Commissioners Approve Jefferson County's Climate Action Plan

Mountains and sunset with Climate Action Plan header

The Jefferson County Board of Commissioners approved the county’s Climate Action Plan (CAP) on Dec. 20. Jefferson County’s Climate Action Plan will address greenhouse gas emissions and help the Jefferson County community adapt to the effects of climate change. The Climate Action Plan can be viewed here

“We have a single mission: to protect and hand on the planet to the next generation. Today, I am excited we are finally putting the “action” in the Climate Action Plan. This Plan wouldn’t be possible without the hard work and dedication of our Sustainability Commission and former Commissioner Casey Tighe who saw the need and continued to keep this important issue at the forefront of the county’s mind,” said Commissioner Andy Kerr.

Community input was key in the development of the county’s first-ever Climate Action Plan. As part of the outreach, all county residents and stakeholders were invited to share input on their priorities and experiences in a community survey. The county also hosted two virtual open house community meetings and the draft plan was made available for public review and comment in November.

“The Jefferson County Sustainability Commission is extremely proud to have worked alongside community members, county staff, and local organizations to produce an historic and impactful plan for Jeffco. This equity focused CAP is just the first step we need to take to address climate change and we look forward to leading the implementation of many of the climate solutions that are being recommended to ensure that our county continues to thrive for generations to come,” said Jefferson County Sustainability Commission member Jeff Wong.

The Jefferson County Sustainability Commission raised funds to pay for the plan’s development. Throughout 2021, many businesses and residents donated to a special fund hosted by the Community First Foundation. Fundraising is now ongoing for future implementation. 

Jefferson County's updated Hazard Mitigation Plan shows Jefferson County’s two most frequent and devastating hazards are wildfires and flooding, both of which are exacerbated by rising temperatures. These impacts pose a great risk to infrastructure, public health, and the economy. Even under a moderate 2050 climate scenario, Jefferson County is expected to experience $880 million in annual flooding and fire damage.  

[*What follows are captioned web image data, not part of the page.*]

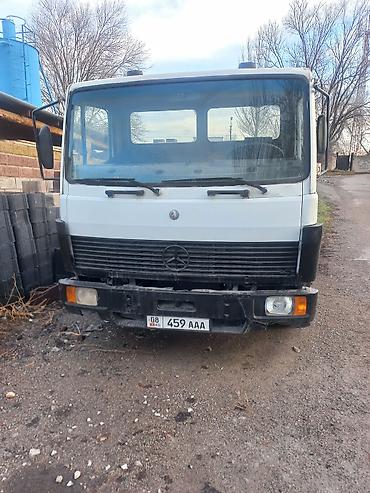евро тонник: Грузовик, Mercedes-Benz, Дубль, Б/у — 3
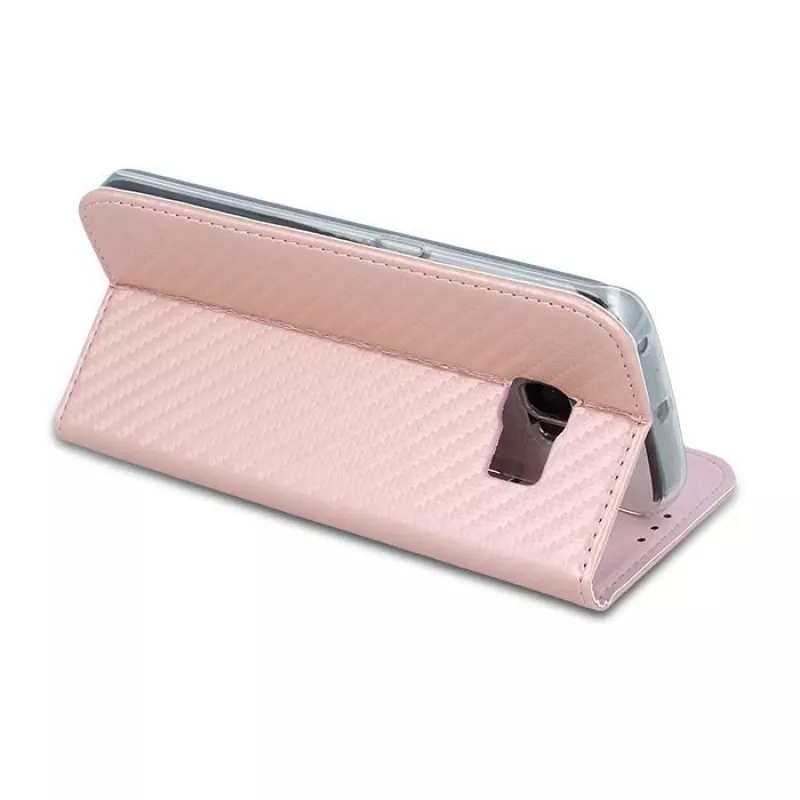 GreenGo Sony Xperia XZ1 Compact Smart Carbon puzdro Rose Gold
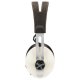 Sennheiser HD 1 Auricolare Con cavo e senza cavo A Padiglione Bluetooth Marrone, Avorio, Acciaio inossidabile 3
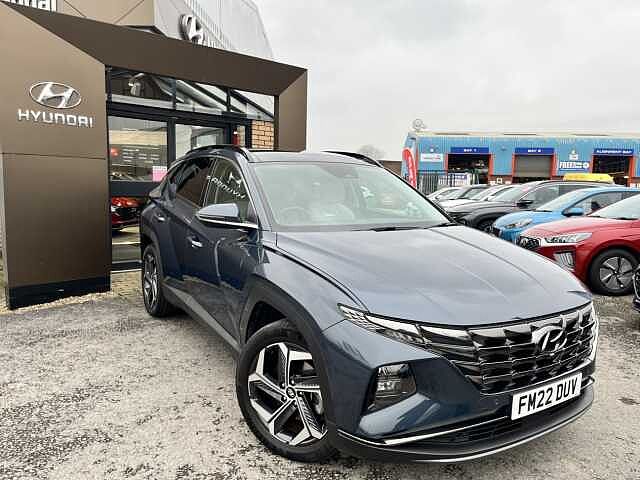 Hyundai TUCSON 1.6 TGDi Hybrid 230 Ultimate 5dr 2WD Auto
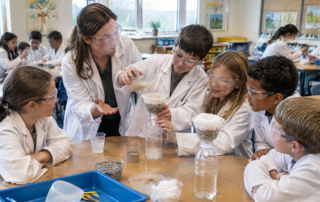 The Gold Standard for Primary Science and STEM: One Partnership, Every Problem Solved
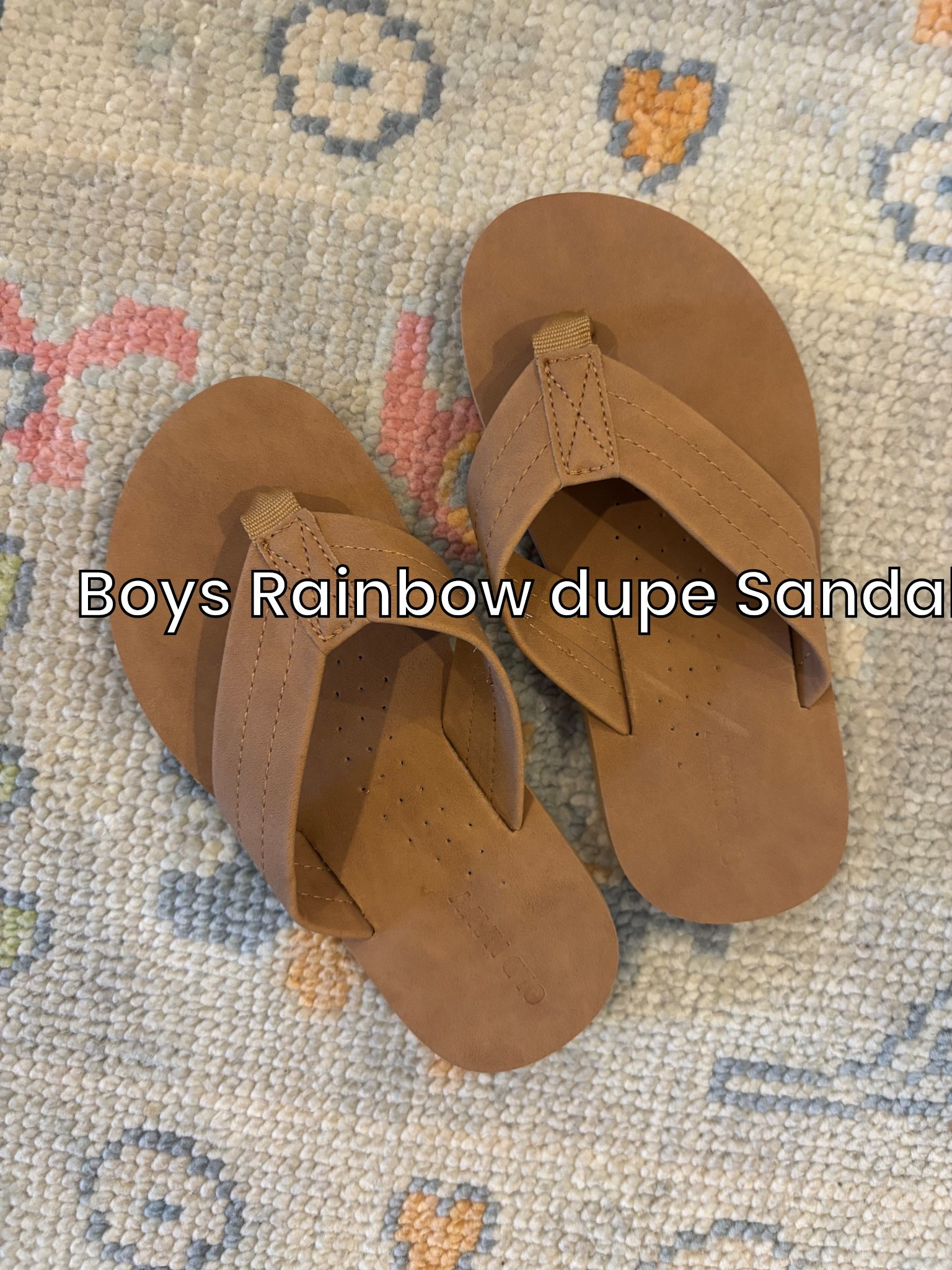 Cutest boys dupe sandals! Only $12! If between sizes, size down. 

#oldnavy #oldnavyfinds #boyssandals #boysbeachoutfits #sandals #dupes #dupe #dupesandals 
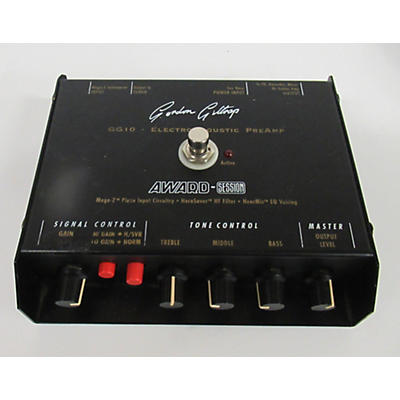 Used AWARD SESSIONS GG10 Microphone Preamp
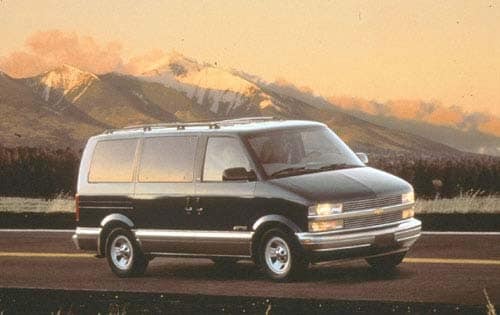 1997 Chevrolet Astro 2 Dr LS Passenger Van Extended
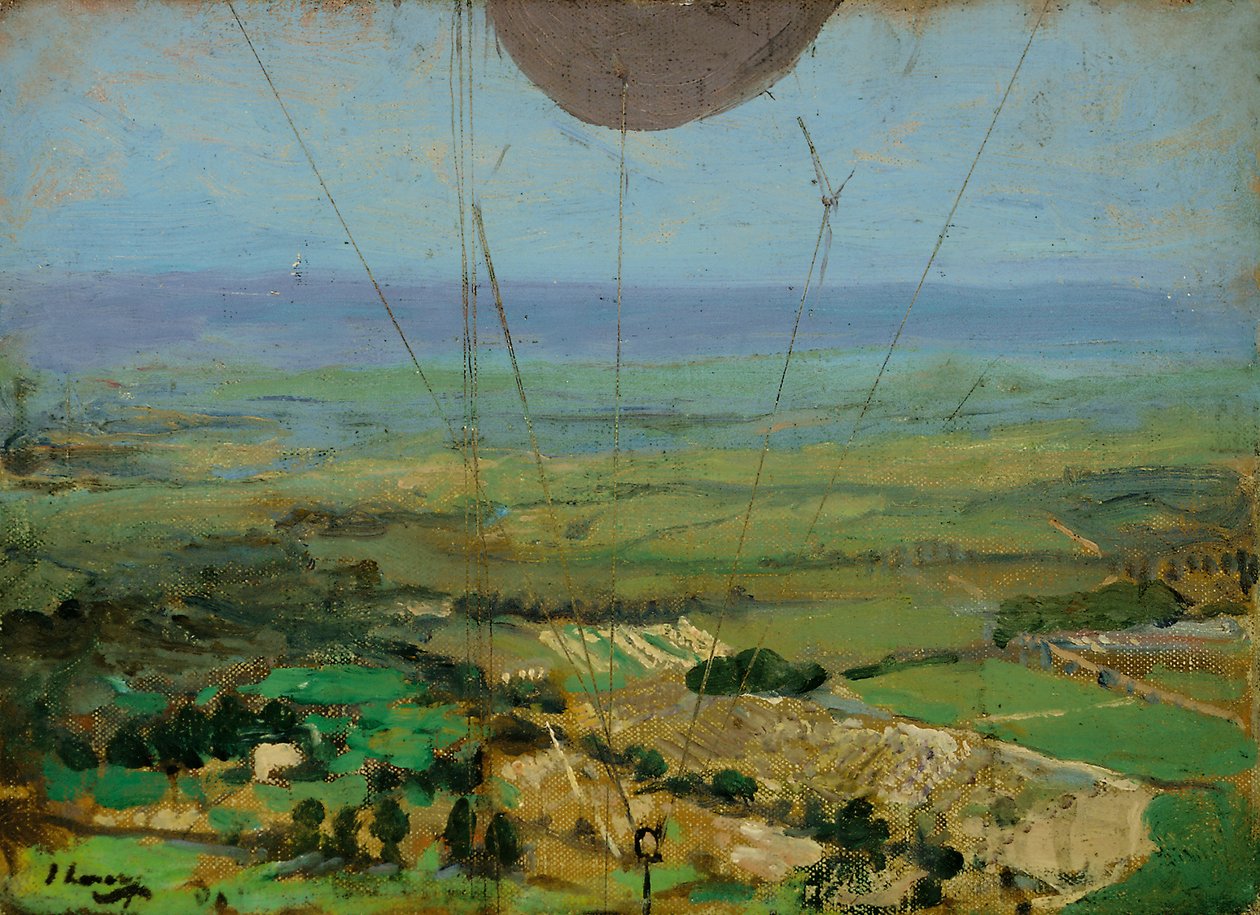 Leijapallosta, Roehamptonista tekijältä John Lavery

This number could increase to $1.25 billion under a more severe climate scenario (Colorado Water Conservation Board, Future Avoided Cost Explorer). 

The Climate Action Plan is intended to address these risks by developing solutions to reduce the greenhouse gas emissions that contribute to rising temperatures, and to help the community become more resilient to the hazards and risks. 

"We want to leave the earth in better shape for our children and grandchildren,” said Jefferson County Commissioner Lesley Dahlkemper. “A laser-like focus county-wide on sustainability is not only good for our community and public health, but it’s good for our local economy and can help save taxpayer dollars. Many Jeffco businesses and cities also are leading the way on sustainability efforts.”

Taking action will not only help Jefferson County’s community members, but also contribute to statewide efforts to address Colorado’s climate risks. 

“For us to succeed, all parties will need to be moving in a common direction. We will need to establish or build upon existing collaborative partnerships with other jurisdictions, businesses, industry, and community-based organizations. I’m looking forward for our communities to pull together resources and expertise as we begin to move forward addressing this very important issue,” said Jefferson County Commissioner Tracy Kraft-Tharp.